They didn’t know it at the time, but earlier this year, the brothers of Monmouth College’s Zeta Beta Tau fraternity scheduled an antisemitism program that is now very much tied to current international events.
Thanks to a ZBT heritage grant that Monmouth’s Delta Lambda chapter received, the fraternity will host speaker Alexander Katz at noon Nov. 5 in Dahl Chapel and Auditorium. The event, scheduled long before the Israel-Hamas war began Oct. 7, is free and open to the public.
Katz is a training and recruitment manager at URBN Playground, with a doctoral degree in educational leadership and administration from the University of Hartford.
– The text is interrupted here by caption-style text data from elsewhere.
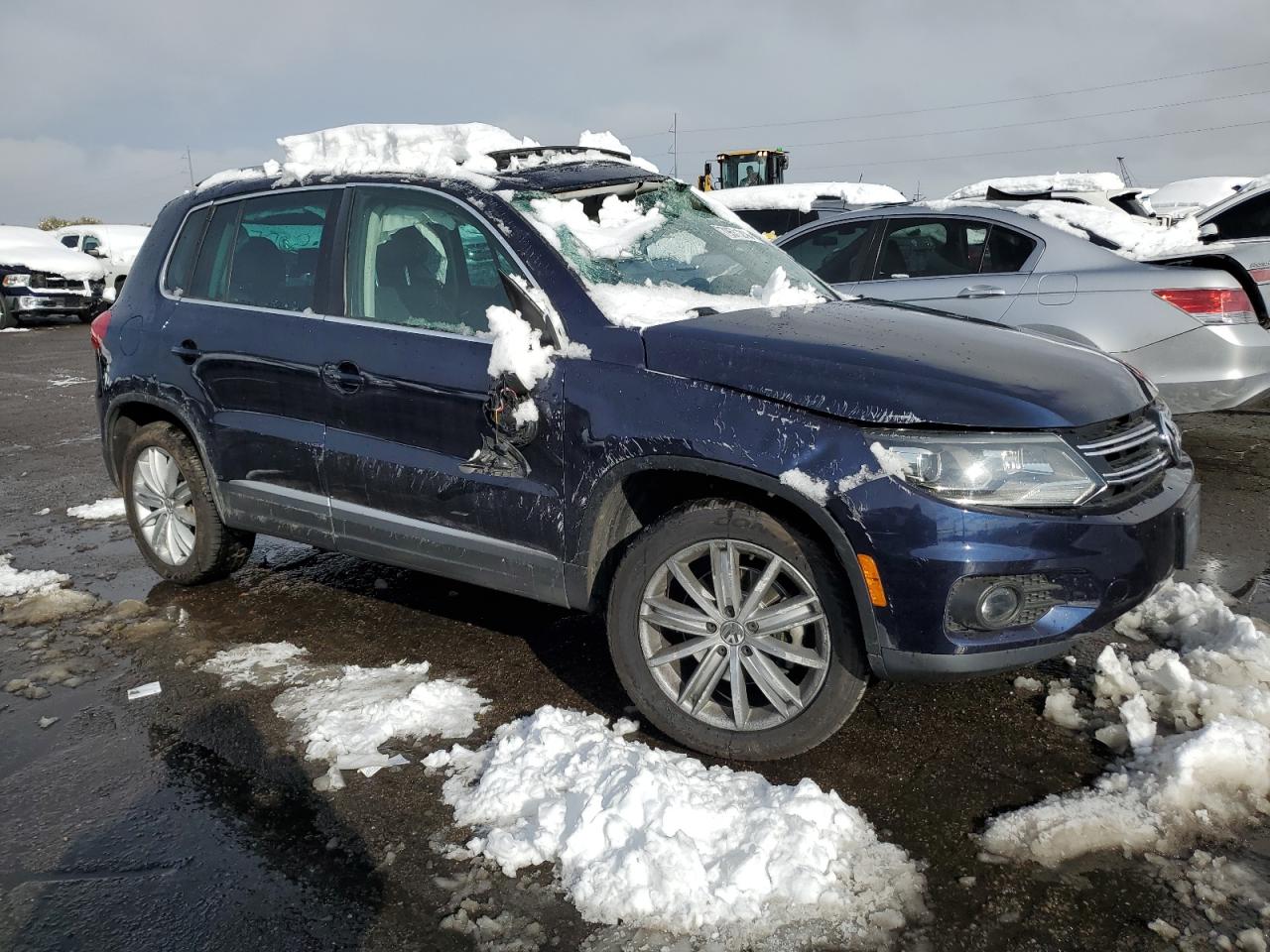 Lot #3021091198 2016 VOLKSWAGEN TIGUAN S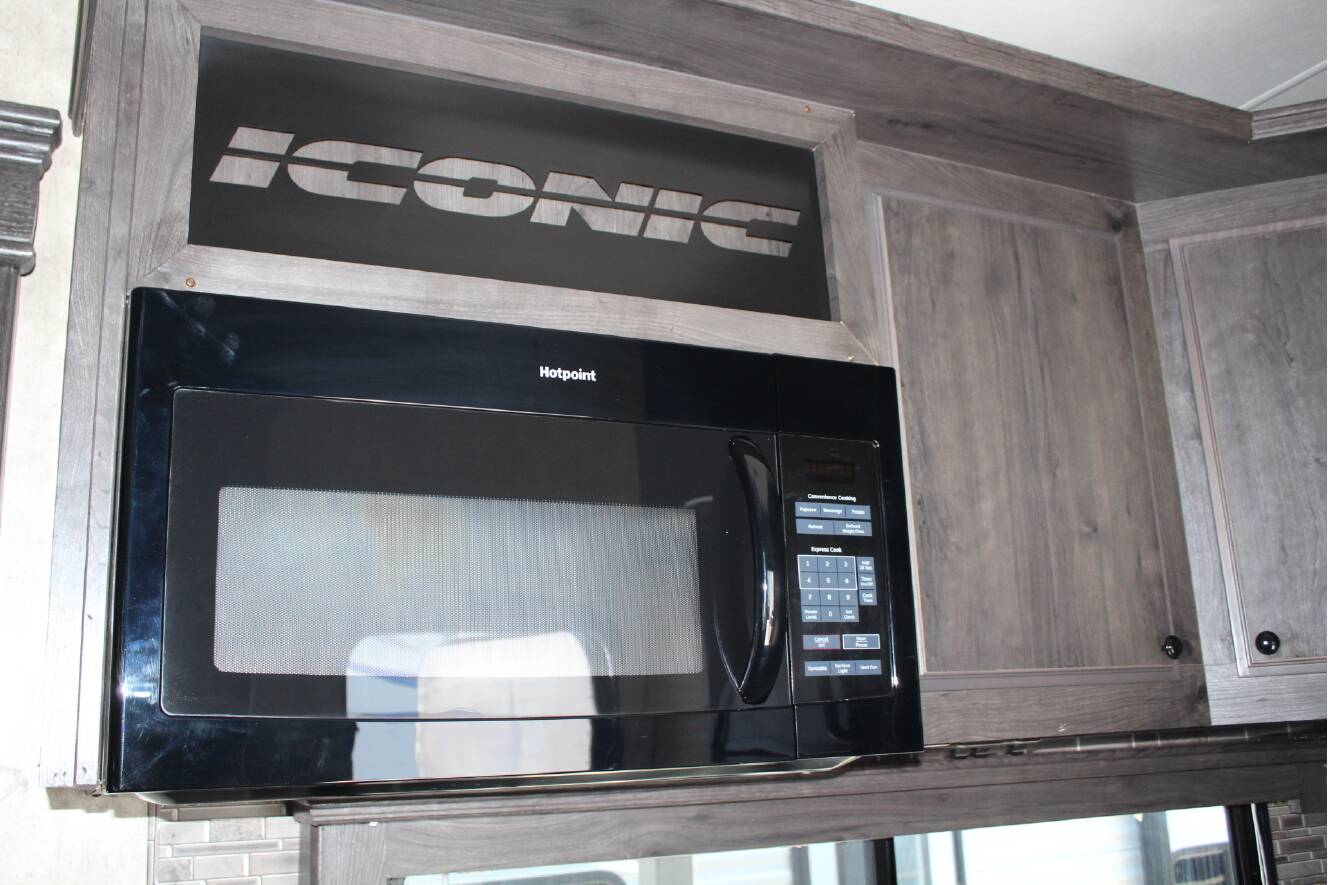 A photo of this 2018 Eclipse Recreational Vehicles Iconic 3926CL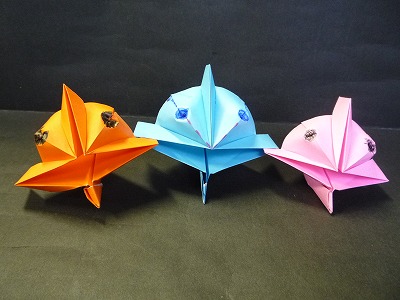 折纸鲶鱼折法教程可爱的三只不同颜色的折纸鲶鱼完成后的效果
He’s also the adviser for the Eta Omicron chapter of ZBT at Quinnipiac University.
The speaker is the son of Martin Katz ’72, who during his time as a Monmouth student was president of the fraternity chapter that eventually became the College’s Delta Lambda chapter of ZBT.
Titled “Antisemitism: Past and Present,” Katz’s presentation will not only review and analyze past antisemitism experiences but also take a look at the current and future landscape of the issue.
A ‘powerful’ message
Founded in 1898 as the first Jewish fraternity, part of ZBT’s philanthropy focuses on uplifting and supporting the Jewish community.
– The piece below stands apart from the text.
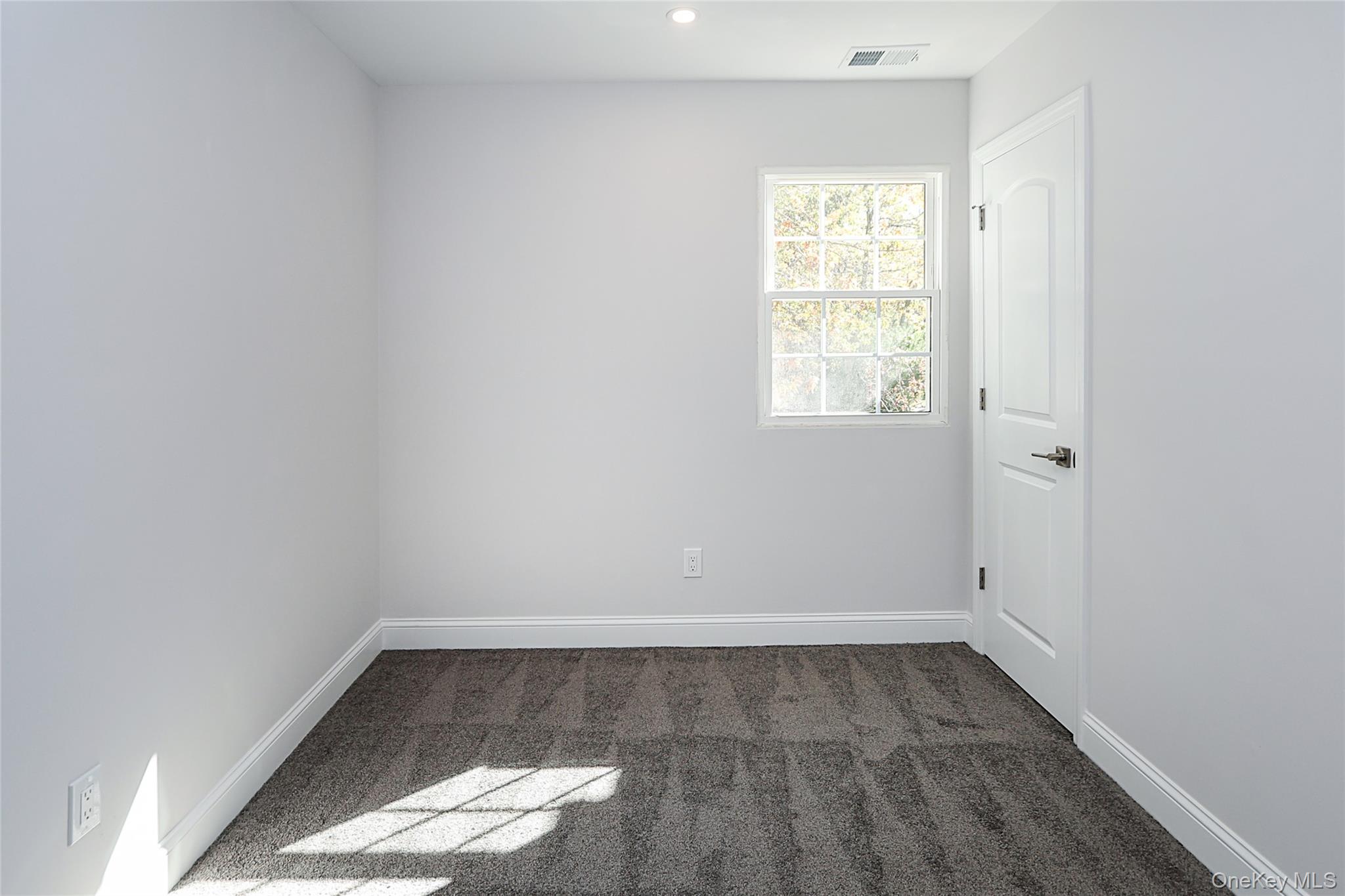 #18 photo, 10 Smith, サフォーク郡 Yaphank , NY 11980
“The idea is finding out the ‘why’ of antisemitism, so what in the past has led up to this moment, and then we’re probably going to be talking a little bit about how the future looks for Jewish populations,” said ZBT chapter president Corey Pevitz ’24 of Naperville, Illinois. “I’m really excited to bring in someone with this background that probably Monmouth has not seen in a very long time, and also to continue ZBT’s traditions and legacies and demographic as a Jewish organization and not losing that.”
Pevitz believes ZBT has a great responsibility to ensure the minority voice is heard, especially for a community where the voice is so small.
“It can be really hard, especially in an area like Monmouth in which there are very few Jewish organizations,” he said. “I think that’s going to be really powerful for people to hear.”
In the United States, acts of antisemitism have been on the rise, according to recent reports from independent groups. Although only slightly more than 2% of individuals in the United States identify as Jewish, over 51% of religious hate crimes are against Jewish people, according to a report released in March by the Federal Bureau of Investigation. To help reverse those numbers, ZBT wants to help more people become familiar with Jewish customs and traditions.
“I believe that experience is the number one educator, and when we’re able to put people in a situation in which they can experience first-hand the traditions of Judaism, they’ll find it less discomforting and disconcerting and find it more understandable,” said Pevitz.
ZBT has held exchanges with Temple Sholom, a congregation in nearby Galesburg, which Pevitz said has been fulfilling for the chapter. The chapter has also held events such as Powderpuff and Egg-a-Zeeb to raise money for Jewish Women International, an organization that supports Jewish women.
“Egg-a-Zeeb is one of our favorites,” said Pevitz. “That’s where we get a ton of eggs, and we get a big old tarp, and we have the opportunity for people to purchase eggs and crack them on top of our brothers’ heads.”
Other ZBT philanthropies
ZBT has also supported local organizations such as the Western Illinois Animal Rescue and Special Olympics. Additionally, the Monmouth chapter has worked with Gift of Life, a bone marrow registry that compiles a database for potential donors. The chapter holds a drive once a semester or year, offering people the opportunity to swab their cheek and send it to Gift of Life to be added to the registry.
During Homecoming, ZBT held its “Get on the Ball” fundraiser for the Children’s Miracle Network.
“We rolled this giant inflatable ball around and we got people to sign it, and then we asked companies to pledge a certain amount of money per signature, and that’s how much we ended up donating,” said Pevitz.
The chapter’s upcoming antisemitism program has been something it’s been trying to do for years, but COVID-19 held it back.
“Engaging with our Jewish history has just been something that we’ve always wanted to do,” said Pevitz.